Assistance to Survivors of Sexual Violence

24 Apr 2015
Mary holding her baby. Photo: LWF/M. Renaux

Mary holding her baby. Photo: LWF/M. Renaux

Giving Hope and Material Support to Traumatized Refugees

(LWI) – When she speaks, her voice is barely audible. Sixteen-year-old Mary (all names changed) did not choose to be a mother, but a week ago she gave birth to a baby boy, whom she named Emanuel, “God with us.”

The baby, wrapped in a pink blanket, lies sleeping on a mat while Mary tells her story. She is from Juba, South Sudan. When fighting broke out in December 2013, she fled the conflict together with her family, but was separated from them. As she fled, she was attacked and raped. Later she found her grandmother and made it to a refugee camp, where she discovered she was pregnant.

Psychosocial and Material Support

“When I realized I was pregnant, I wanted to take a drug and get rid of the baby,” she says, “but my grandmother told me not to. She said she would help me take care of him.” At the refugee reception center, Mary was identified and enrolled into a medical and psychosocial support system.

Sexual and Gender-based Violence (SGBV) is one of the main intervention points for LWF in Uganda. The program carries out psychosocial support aiming at assisting survivors to attain a stable life and restore hope, dignity, mental and social well-being, as well as a sense of normalcy.

The Lutheran World Federation (LWF) program in Uganda built a hut and supports Mary and her grandmother with cash grants and psychosocial support. “The reason for my being here is not good, but here I have help,” Mary says, while carefully picking up the infant and trying to breastfeed. “My grandmother advises me on child care. I don’t even know how to properly hold a newborn.”

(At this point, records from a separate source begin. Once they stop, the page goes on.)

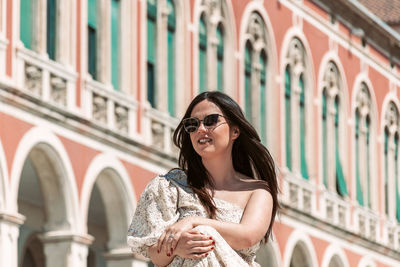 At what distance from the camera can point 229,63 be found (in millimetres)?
25438

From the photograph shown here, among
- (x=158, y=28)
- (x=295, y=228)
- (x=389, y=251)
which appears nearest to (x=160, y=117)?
(x=158, y=28)

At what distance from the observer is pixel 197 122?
4.73 metres

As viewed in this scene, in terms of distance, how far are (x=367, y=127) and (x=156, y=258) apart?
28217mm

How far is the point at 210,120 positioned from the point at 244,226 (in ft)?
1.24

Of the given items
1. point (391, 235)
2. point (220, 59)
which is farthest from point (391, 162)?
point (220, 59)

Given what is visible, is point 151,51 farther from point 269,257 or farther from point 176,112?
point 269,257

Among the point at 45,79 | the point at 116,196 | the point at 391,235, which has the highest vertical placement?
the point at 391,235

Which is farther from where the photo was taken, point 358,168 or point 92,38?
point 358,168

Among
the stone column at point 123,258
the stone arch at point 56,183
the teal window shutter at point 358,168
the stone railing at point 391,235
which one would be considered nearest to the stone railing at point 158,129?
the stone column at point 123,258

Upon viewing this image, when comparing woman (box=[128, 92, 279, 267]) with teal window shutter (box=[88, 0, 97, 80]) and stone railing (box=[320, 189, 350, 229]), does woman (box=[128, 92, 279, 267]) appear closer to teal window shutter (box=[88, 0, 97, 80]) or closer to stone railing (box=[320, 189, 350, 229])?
teal window shutter (box=[88, 0, 97, 80])

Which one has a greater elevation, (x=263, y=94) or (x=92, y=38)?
(x=263, y=94)

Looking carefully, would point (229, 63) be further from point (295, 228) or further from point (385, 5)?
point (385, 5)

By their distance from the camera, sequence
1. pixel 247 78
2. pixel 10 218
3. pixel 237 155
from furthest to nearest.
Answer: pixel 247 78
pixel 10 218
pixel 237 155

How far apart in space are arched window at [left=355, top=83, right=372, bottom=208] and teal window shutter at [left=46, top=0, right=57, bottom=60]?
1351 centimetres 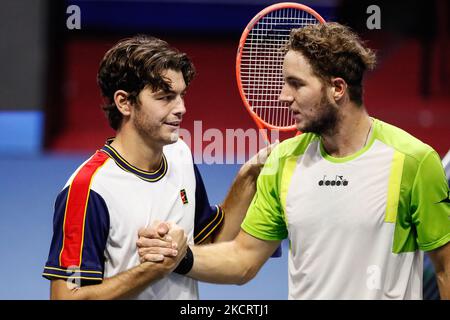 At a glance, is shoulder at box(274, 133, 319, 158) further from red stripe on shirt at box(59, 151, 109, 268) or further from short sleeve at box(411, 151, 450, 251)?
red stripe on shirt at box(59, 151, 109, 268)

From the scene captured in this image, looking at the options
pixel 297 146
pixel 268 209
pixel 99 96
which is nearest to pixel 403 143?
pixel 297 146

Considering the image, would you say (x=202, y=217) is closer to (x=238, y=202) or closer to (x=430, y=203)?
(x=238, y=202)

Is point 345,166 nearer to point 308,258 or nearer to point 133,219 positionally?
point 308,258

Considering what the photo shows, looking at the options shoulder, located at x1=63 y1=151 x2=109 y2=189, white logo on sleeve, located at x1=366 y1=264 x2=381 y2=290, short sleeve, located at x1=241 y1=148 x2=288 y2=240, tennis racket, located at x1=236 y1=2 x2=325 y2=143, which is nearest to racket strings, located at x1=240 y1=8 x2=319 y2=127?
tennis racket, located at x1=236 y1=2 x2=325 y2=143

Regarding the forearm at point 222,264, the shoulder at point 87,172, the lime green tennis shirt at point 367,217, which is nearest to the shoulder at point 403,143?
the lime green tennis shirt at point 367,217

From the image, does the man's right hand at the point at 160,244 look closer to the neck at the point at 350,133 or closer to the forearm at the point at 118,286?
the forearm at the point at 118,286

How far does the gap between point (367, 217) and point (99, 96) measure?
4.88m

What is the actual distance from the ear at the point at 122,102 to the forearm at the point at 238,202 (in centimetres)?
53

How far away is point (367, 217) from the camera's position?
3383mm

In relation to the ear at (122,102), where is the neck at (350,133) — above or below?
below

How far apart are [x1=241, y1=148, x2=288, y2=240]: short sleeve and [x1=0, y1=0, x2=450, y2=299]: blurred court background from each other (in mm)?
945

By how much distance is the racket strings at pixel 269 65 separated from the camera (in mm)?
4043

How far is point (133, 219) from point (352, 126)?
2.66ft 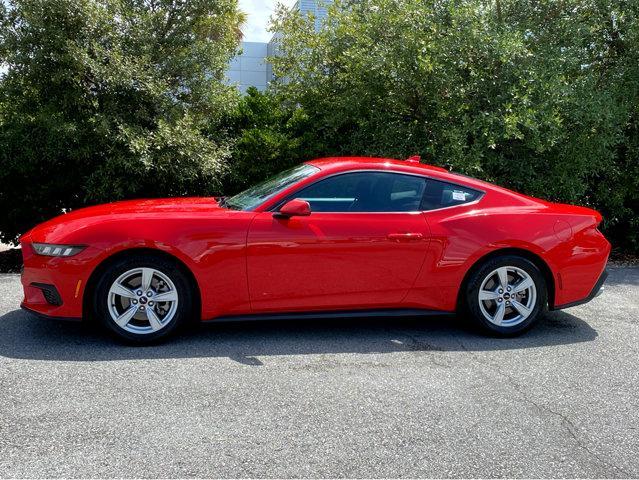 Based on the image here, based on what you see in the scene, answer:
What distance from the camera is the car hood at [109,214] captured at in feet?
15.1

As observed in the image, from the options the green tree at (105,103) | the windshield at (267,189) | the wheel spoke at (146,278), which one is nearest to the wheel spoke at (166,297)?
the wheel spoke at (146,278)

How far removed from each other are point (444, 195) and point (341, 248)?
3.41ft

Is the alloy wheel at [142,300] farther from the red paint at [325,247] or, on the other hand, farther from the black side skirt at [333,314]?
the black side skirt at [333,314]

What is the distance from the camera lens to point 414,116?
8.67 m

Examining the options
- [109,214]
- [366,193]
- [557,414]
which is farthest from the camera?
[366,193]

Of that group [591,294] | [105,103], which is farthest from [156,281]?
[105,103]

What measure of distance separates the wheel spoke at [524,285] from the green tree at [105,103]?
4.46 metres

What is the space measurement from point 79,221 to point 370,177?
2.27 meters

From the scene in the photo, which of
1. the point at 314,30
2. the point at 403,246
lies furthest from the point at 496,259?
the point at 314,30

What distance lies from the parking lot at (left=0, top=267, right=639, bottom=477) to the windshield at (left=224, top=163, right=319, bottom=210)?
103 cm

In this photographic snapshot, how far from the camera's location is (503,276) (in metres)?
5.09

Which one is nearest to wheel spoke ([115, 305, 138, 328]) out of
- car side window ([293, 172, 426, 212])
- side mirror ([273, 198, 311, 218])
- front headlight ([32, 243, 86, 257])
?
front headlight ([32, 243, 86, 257])

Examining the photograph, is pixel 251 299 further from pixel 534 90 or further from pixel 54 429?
pixel 534 90

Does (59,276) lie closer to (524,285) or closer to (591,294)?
(524,285) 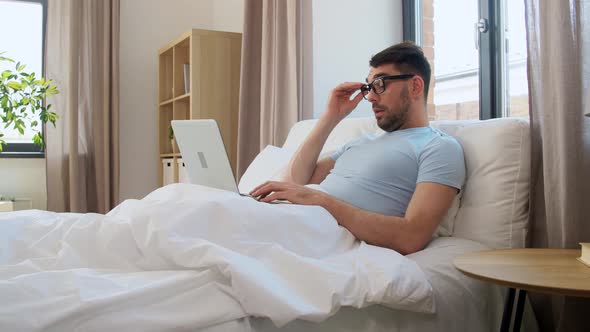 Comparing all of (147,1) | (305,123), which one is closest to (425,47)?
(305,123)

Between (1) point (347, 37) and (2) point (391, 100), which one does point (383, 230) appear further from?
(1) point (347, 37)

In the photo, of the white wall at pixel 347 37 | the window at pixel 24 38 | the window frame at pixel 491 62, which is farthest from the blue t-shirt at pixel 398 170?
the window at pixel 24 38

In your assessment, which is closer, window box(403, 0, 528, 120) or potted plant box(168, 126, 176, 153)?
window box(403, 0, 528, 120)

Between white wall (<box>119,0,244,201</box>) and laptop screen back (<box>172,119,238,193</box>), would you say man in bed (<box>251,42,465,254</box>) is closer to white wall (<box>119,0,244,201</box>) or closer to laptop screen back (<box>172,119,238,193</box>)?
laptop screen back (<box>172,119,238,193</box>)

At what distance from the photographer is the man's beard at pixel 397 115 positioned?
1767 millimetres

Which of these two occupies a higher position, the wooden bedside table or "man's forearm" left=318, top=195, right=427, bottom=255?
"man's forearm" left=318, top=195, right=427, bottom=255

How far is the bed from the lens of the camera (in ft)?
3.01

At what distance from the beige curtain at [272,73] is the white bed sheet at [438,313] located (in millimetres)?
1544

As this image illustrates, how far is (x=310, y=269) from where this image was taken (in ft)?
3.59

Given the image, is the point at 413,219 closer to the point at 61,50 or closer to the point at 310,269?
the point at 310,269

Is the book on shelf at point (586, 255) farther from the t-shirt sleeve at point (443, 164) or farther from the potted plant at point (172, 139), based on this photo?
the potted plant at point (172, 139)

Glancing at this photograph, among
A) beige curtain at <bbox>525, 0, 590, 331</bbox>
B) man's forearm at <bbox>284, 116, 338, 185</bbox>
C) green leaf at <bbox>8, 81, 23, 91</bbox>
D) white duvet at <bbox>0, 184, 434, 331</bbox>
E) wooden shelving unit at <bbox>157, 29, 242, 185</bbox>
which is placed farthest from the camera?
wooden shelving unit at <bbox>157, 29, 242, 185</bbox>

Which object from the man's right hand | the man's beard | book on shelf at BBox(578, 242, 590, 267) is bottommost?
book on shelf at BBox(578, 242, 590, 267)

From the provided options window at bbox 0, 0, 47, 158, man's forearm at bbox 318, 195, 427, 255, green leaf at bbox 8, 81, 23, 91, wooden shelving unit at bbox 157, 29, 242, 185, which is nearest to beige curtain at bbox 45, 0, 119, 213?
window at bbox 0, 0, 47, 158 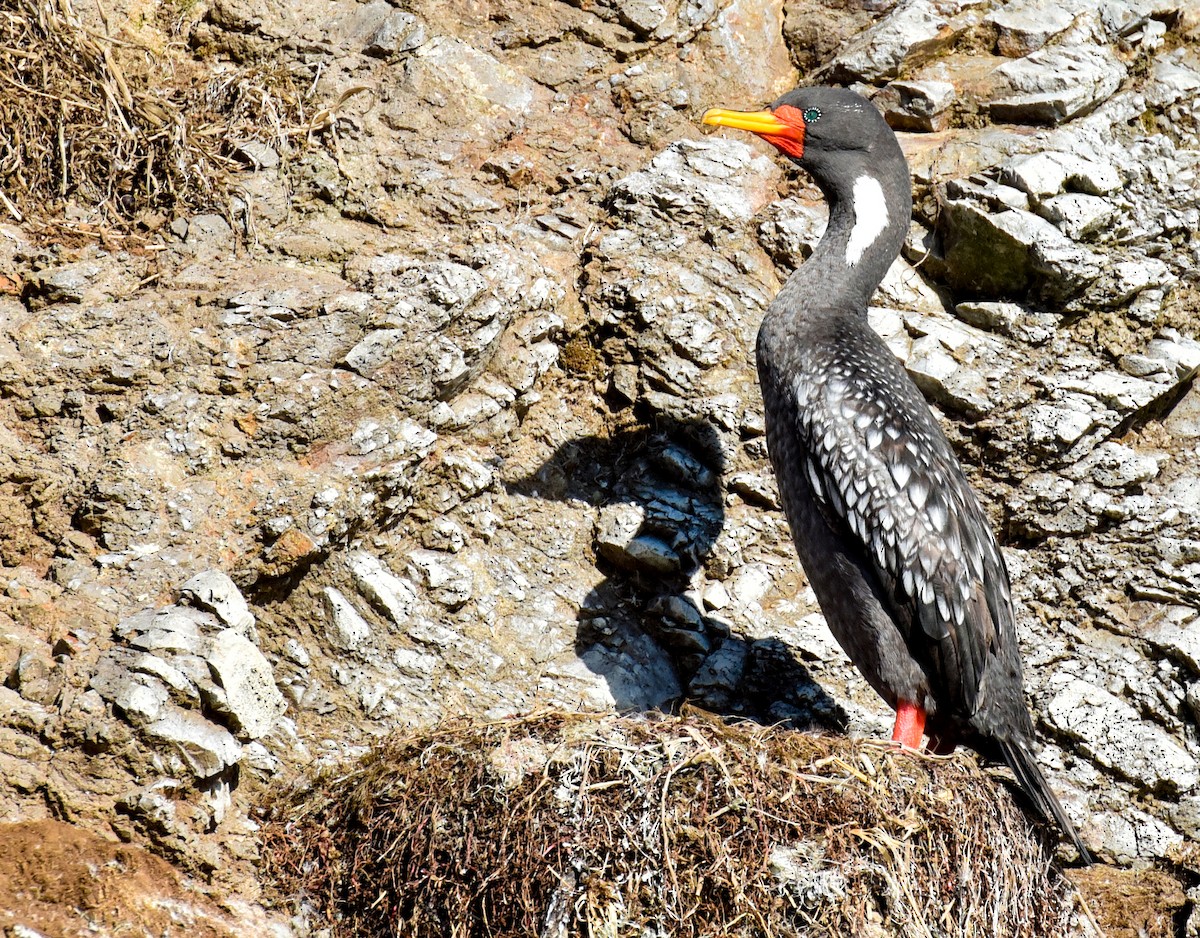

Most of the refugees hosted in the country are coming from the Democratic Republic of the Congo and South Sudan. “I would say ninety percent of my countrywomen in this settlement have been raped,” Ruth says.

Breaking the Silence

Ruth is a strong, tall woman with expressive eyes and hands that tell as much as her voice, but before she starts her story, the 48-year-old mother of five has sent her children from the room. Her voice drops, sometimes to an angry whisper for fear that neighbors might overhear. The teenagers do not know their mother has been raped, or about the dire consequence: When she came to the refugee reception center, Ruth opened up to an aid worker and was taken for a medical examination, where she was diagnosed with HIV. “In that instant, I lost all my energy. I could not stop crying. I could not even leave the room,” she recalls the fateful moment.

“In the following two weeks, I lost twelve kilos.” Ruth takes a crooked nail from her fireplace and scratches two numbers into the clay floor: 86, 74 – the body weight recorded on her medical files. ”The LWF worker advised me that HIV is not a death sentence. She said others might die earlier than me from other causes. She told me to accept myself, and offered help,” Ruth continues.

Mental and Physical Well-Being

The silence surrounding rape and HIV is strong. The women in the community are afraid to open up to each other, even though they know there are other survivors among them. Ruth’s husband, who was killed in the conflict, never learned about what had happened to his wife. “If he’d known, he would have divorced me immediately,” she says, touching the wedding band she still wears. “To keep your family and the respect of the community, you have to remain silent.” The aid worker who assured her confidentiality was the first person Ruth felt comfortable talking to.

Like other survivors of SGBV, the LWF provided Ruth with building material for a hut, and a cash grant to open a small business. She sells cassava flour, tomatoes and silver fish, which she keeps in a green plastic bucket. When business does not go well, she and the two youngest children eat some of it themselves, additional to the food ration provided to all refugees in the camp.

Ruth is also receiving antiretroviral drugs. She takes them each day and goes for a medical check-up once a month. The biggest help however is the psychosocial support and counseling LWF has given her. “I was feeling like the poorest person on earth,” she says. “Now when I have a problem, I know I can tell LWF staff, and at the end of the day half of the problem is gone. You have changed my life – now I have hope”.